I was at the dojang today and because we only had a few people and thus space to do so, we spent time working with staff. One thing I did was work on a staff form, Joong Bong Il Hyung (middle staff, 1st form). You can see a portion of the form here:
Notice at the beginning of that clip how the gentleman is doing 360º turns? I spent a lot of time on that today because I always have problems with that movement. I know the theory of what to do, like a figure skater that you need to turn your head all the way and focus your eyes on some point, keeping your head level, and so on, yet still it gives me trouble. However something hit me today that worked like a dream.
I took a cue from my motorcycle riding. On a motorcycle you look where you want to go. Where you look, that’s where you will go. So if you look down, you will go down. If you look through the turn, you’ll glide gracefully through the turn. Looking is very important to motorcycle riding. I noticed when I was turning that while I looked, I was only looking at the end points… that I start facing north (if you will) and look north, then I perform the 360º pivot and work to lock my eyes 360º around at the end point. But what am I doing with my eyes during the turn? Well, I wasn’t looking at much of anything… my eyes just went, wherever, I couldn’t tell you.
What I did was ensured that as I turned, my eyes stayed involved. No I didn’t still focus on any points during the turn, but your eyes still have to do something… they will still be looking, they will still be taking in whatever whirrs past them. So what I did was kept my eyes level the whole time. My eyes were semi-actively scanning and taking in everything on a plane parallel to the ground… kept it all level, kept my eyes involved. And lo… I was steady. I could pivot and rotate without any problem.

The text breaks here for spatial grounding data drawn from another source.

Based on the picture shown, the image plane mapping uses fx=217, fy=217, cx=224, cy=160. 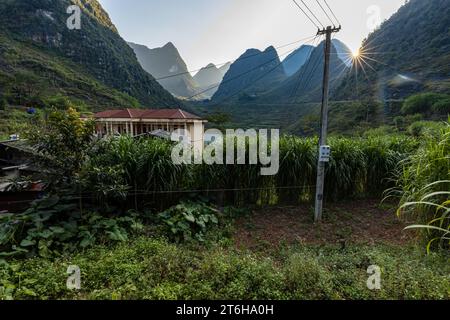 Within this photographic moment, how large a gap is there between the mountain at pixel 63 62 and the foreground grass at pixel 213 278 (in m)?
32.4

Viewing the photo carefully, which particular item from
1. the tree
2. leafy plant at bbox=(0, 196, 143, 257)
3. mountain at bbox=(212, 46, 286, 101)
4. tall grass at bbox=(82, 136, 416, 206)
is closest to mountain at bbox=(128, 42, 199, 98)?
mountain at bbox=(212, 46, 286, 101)

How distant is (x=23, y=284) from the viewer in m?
1.85

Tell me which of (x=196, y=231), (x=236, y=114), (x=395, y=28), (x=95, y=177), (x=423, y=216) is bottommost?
(x=196, y=231)

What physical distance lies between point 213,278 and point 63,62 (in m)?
47.4

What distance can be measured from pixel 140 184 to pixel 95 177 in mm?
723

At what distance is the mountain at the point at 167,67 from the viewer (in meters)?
85.4

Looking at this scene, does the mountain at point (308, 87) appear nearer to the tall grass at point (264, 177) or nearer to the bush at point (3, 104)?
the tall grass at point (264, 177)

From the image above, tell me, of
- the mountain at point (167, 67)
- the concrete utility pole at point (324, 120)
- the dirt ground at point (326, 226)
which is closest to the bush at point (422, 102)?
the dirt ground at point (326, 226)

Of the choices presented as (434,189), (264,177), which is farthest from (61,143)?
(434,189)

This has other implications too. Not just for empty hand martial arts skills (e.g. helping with 360º spin kicks, turning back kicks, etc.), but even for other tactical matters. I did notice while I was turning, while I wasn’t actively looking at anything, I was certain that I was taking in a great deal of visual information… I was far more aware of what was going on around me (duh!). Just goes to show that we’re not always aware of what we’re doing, and these little things can matter.